How do you handle a multi-year employment gap as a developer?

This question is for software devs who have had multi-year employment gap  & returned back to employment after the gap.  I am wondering if you had to pad your resume with fake experience or what approach did you take to get employed again after a multi-year gap?

After more than 5 years working as a software developer, I left my job to work on my startup but the idea did not work, then I got into stock trading & for more than 3 years I coded & backtested several trading strategies but could not find any decent strategy that would produce good income with low investment.

Now I’m thinking of going back to a full-time job but I’m concerned that once I post my resume on job websites with the employment gap & if it does not get me interviews, I cannot change my resume few days/weeks later.

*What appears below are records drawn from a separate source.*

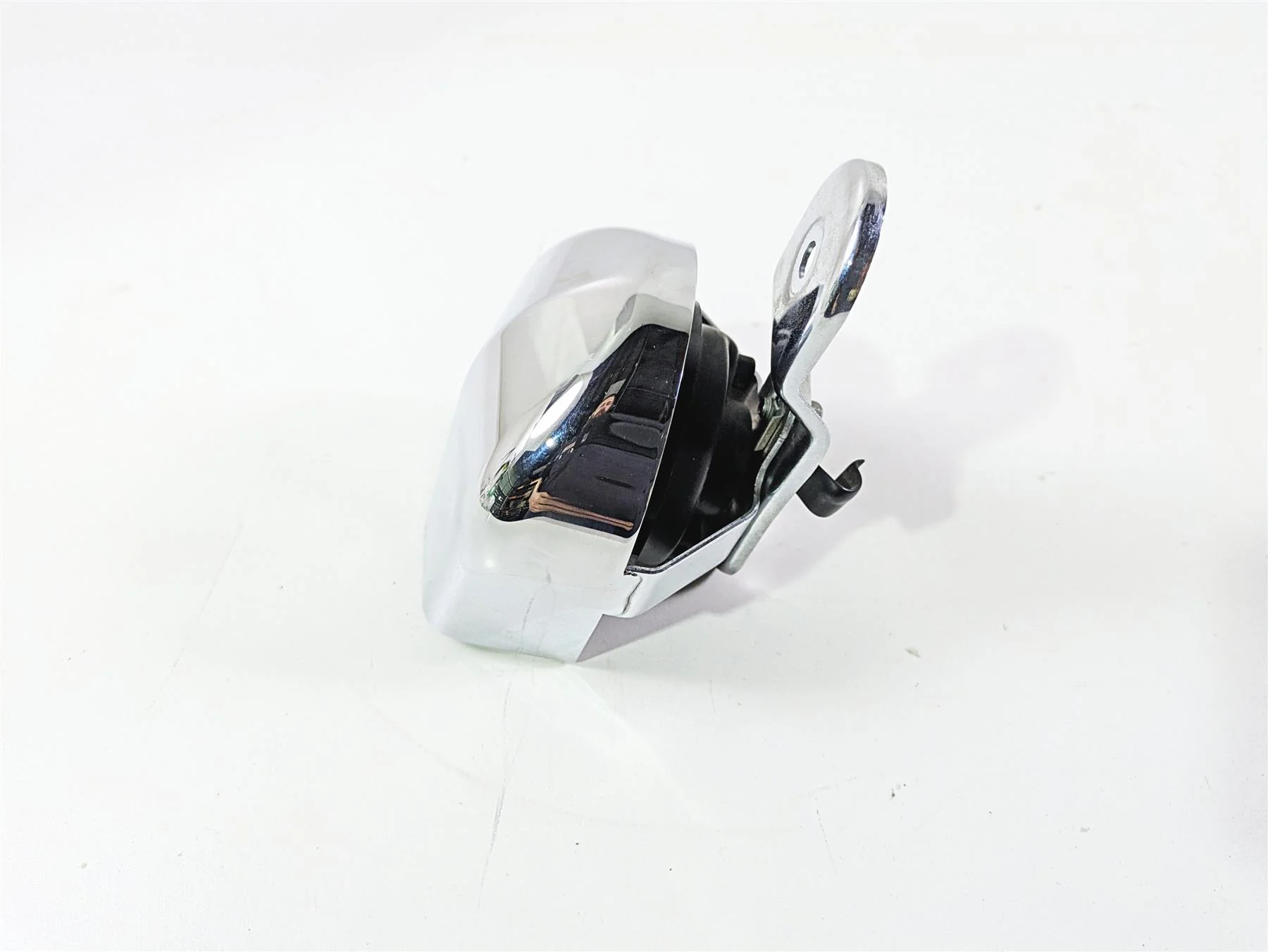 2017 Harley Softail Heritage Classic FLSTC Horn & Cover 61300478A 69060-90H - Image 2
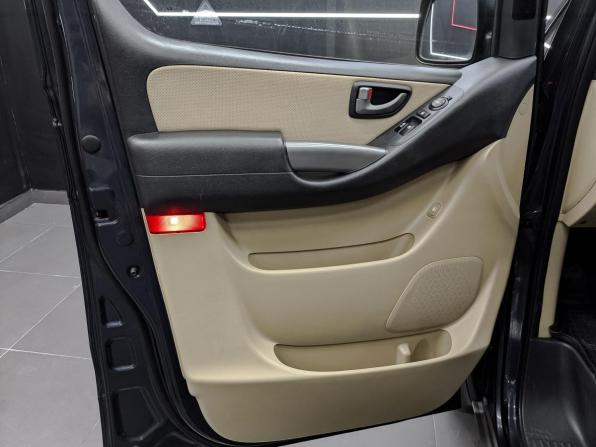 Hyundai H-1 II Рестайлинг с пробегом 2017 года, цена 2 990 000 рублей, 89919 км, минивэн, Автокод Объявления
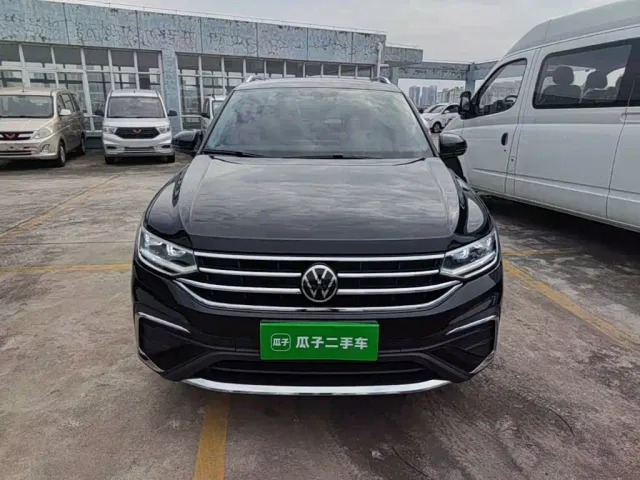Volkswagen Tiguan L — Фото автомобиля 2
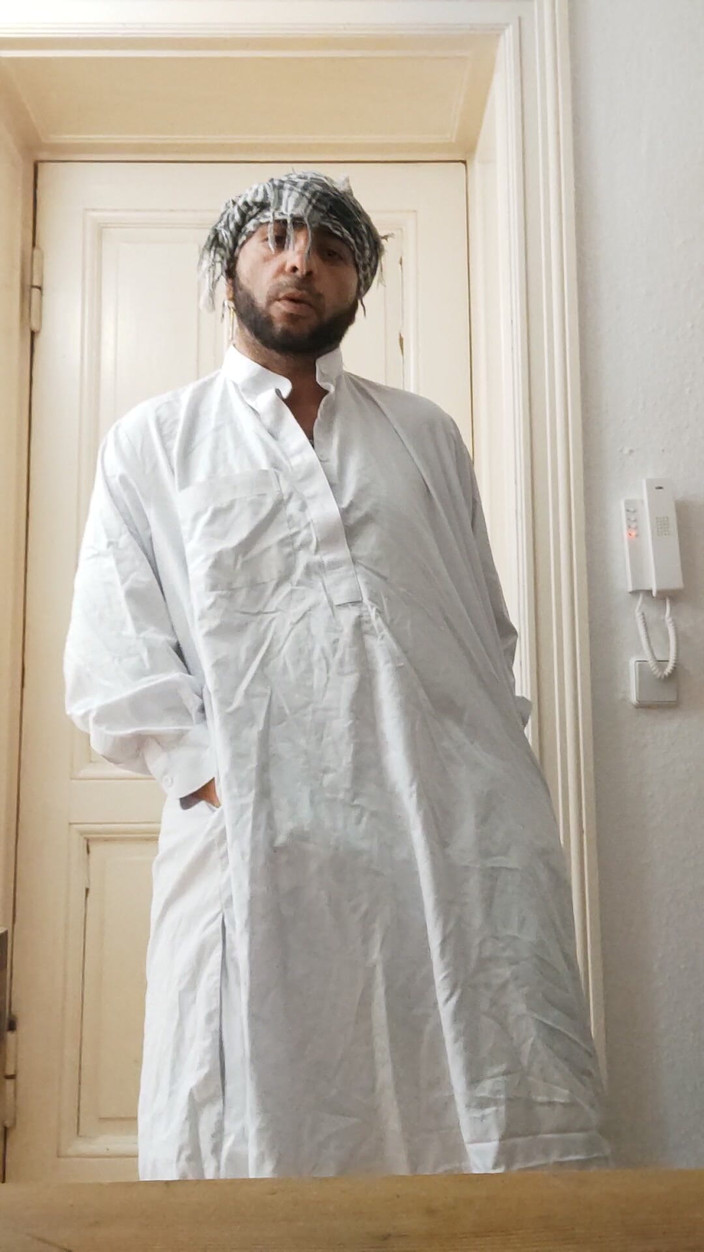 SmokedAlloy2: Sur le make, dj-bro excité habillé comme un Afghan pervers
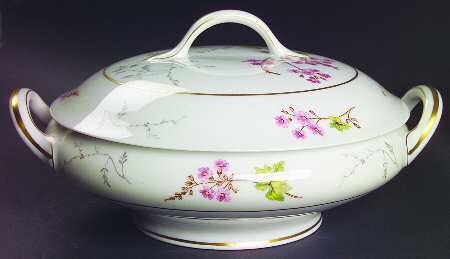 Spring Blossom Round Covered Vegetable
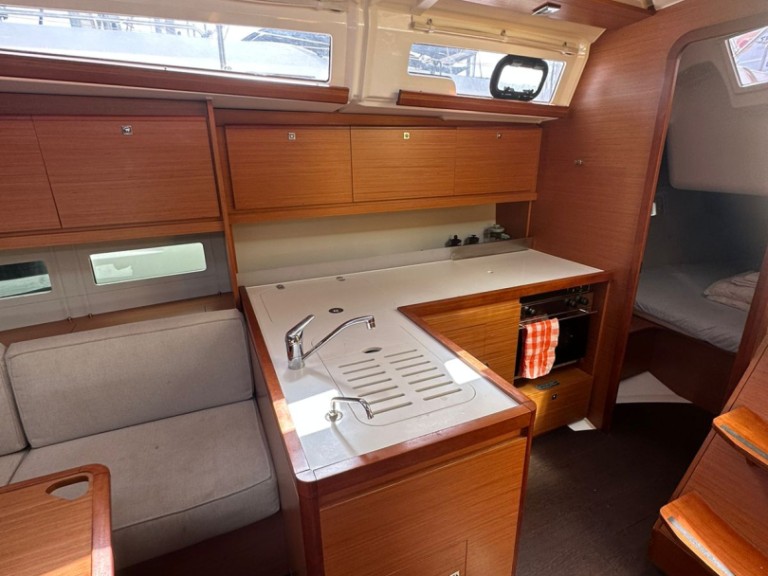 Bareboat Rental Sailboat Dufour with a boat licence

I would really appreciate some guidance from someone who has gone through the same experience.


  • Hi, I had a similar gap in my experience – I was doing web development, after that some project management, then I went back to university and then I went back to programming.

    At first I couldn’t find a job because I was looking for web development jobs, and at that time that’s what everybody did (2011). I figured out I will never find a job like that, so I decided to start doing something that not many people were doing but looked like it had a future – Android mobile programming. Also, not many people had experience with it so even having a few months experience could position you heads and shoulders above the rest.

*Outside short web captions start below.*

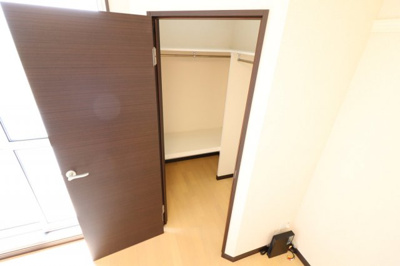 【内装】 | レオネクストイン園部 | ウォークインクローゼットにより女性の方でも収納が安心！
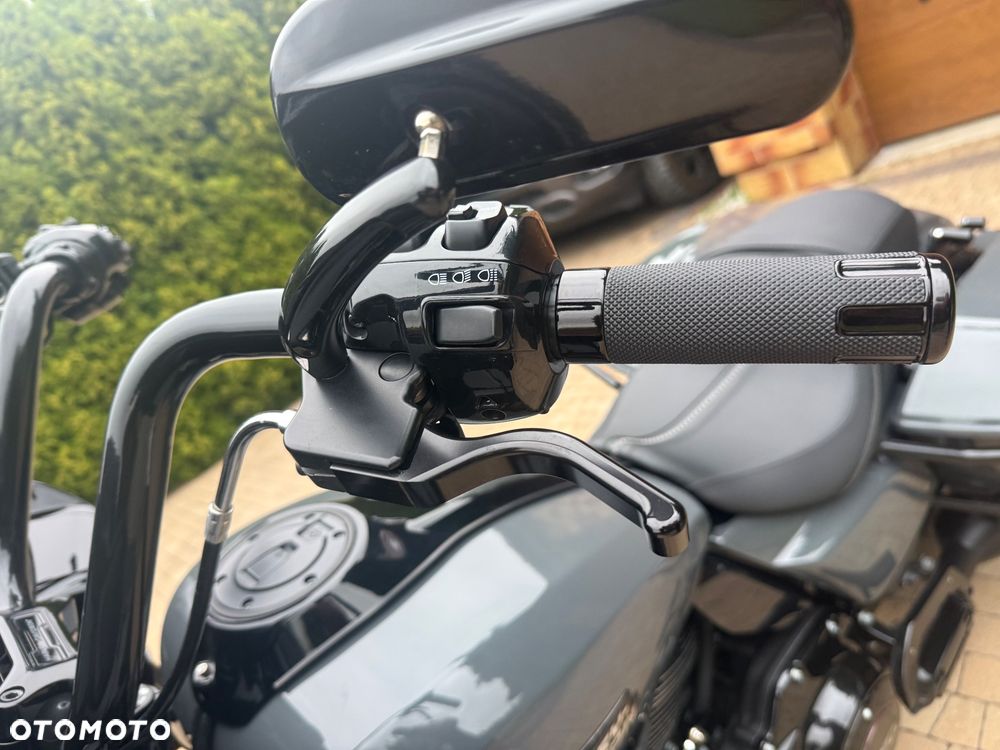 Harley-Davidson Touring Road Glide - 14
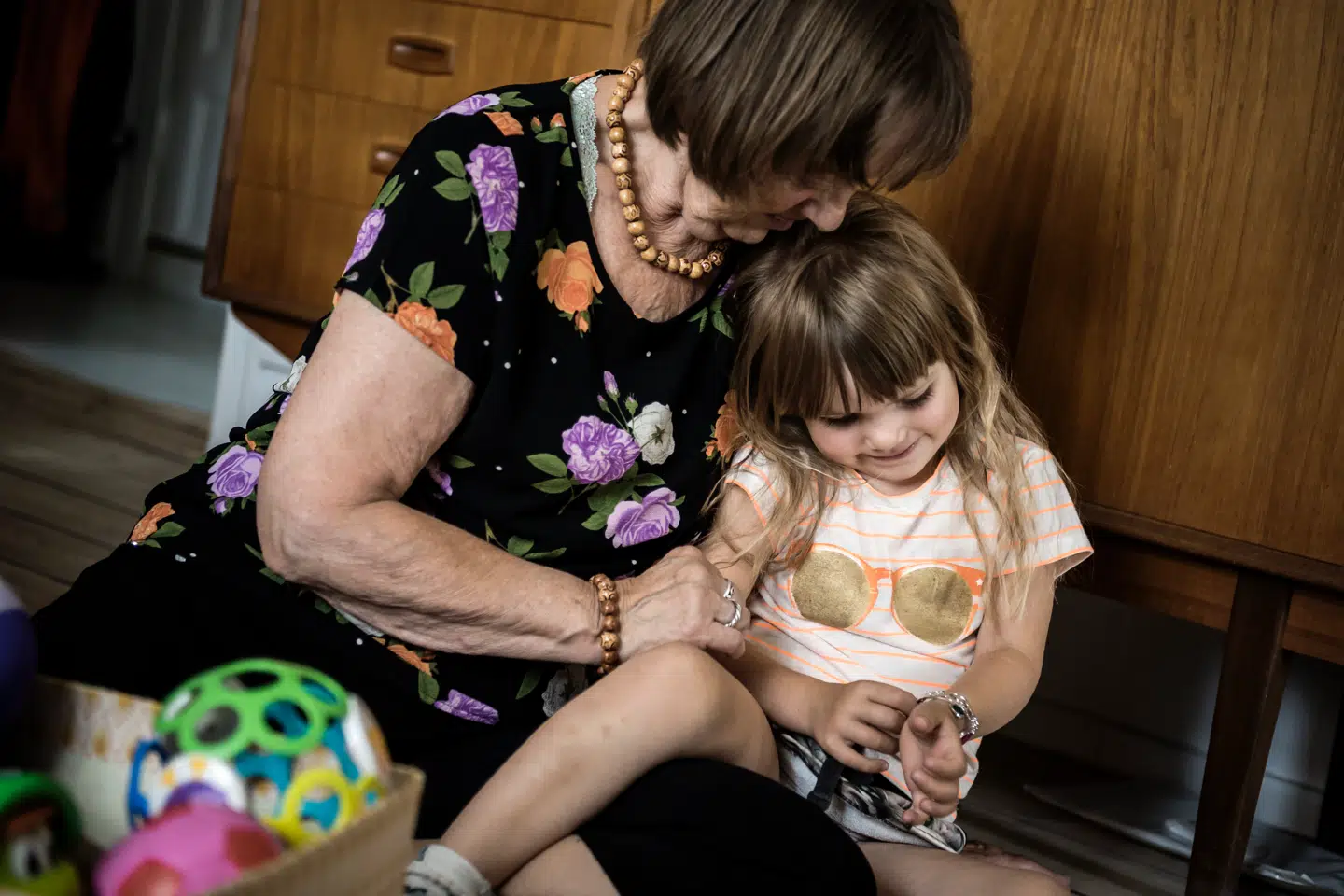 Det koster på bedstemødres pengepunge, når første barnebarn bliver født, viser nyt studie. Omvendt bliver bedstefædres indkomst ikke synderligt påvirket.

    Long story short, in 3 months I had published 3 apps in the market and then I started looking for a job – and got 10 interviews scheduled in 14 days.

    So the advice would be – don’t do the same thing everybody else does, but invest a few months in something more niche that has a future. At the moment, data science looks the most promising (to me).

  • If you are proactive in your job search you would not need to worry about changing your resume since you’d be tweaking them as you apply for jobs. Think of your self as a product and your resume as a marketing ad.

  • As a founder, I would expect to see the truth. In addition, founding experience is incredible for startups that are hiring because it means that you are capable of doing your job and figuring out how to solve problems on your own without being a burden on your teammates. Don’t be embarrassed about your past. It’s way more valuable to show you are able to learn from your mistakes, and own up to the risk you took, while showing you can handle that risk.

    As a developer, your skills are most highly valued if you can show your work and prove you get work done on schedule. When hiring developers, I ignore most everything else, since the work ethic and skills to get the job done are the reason I’m hiring you. If you can get the job done on time, and work in an organized manner, I couldn’t care less about whether or not you spent the last 5 years in retirement (but that would be a red flag since the likelihood of that timeline is ~0… That’s not relevant in your case though!)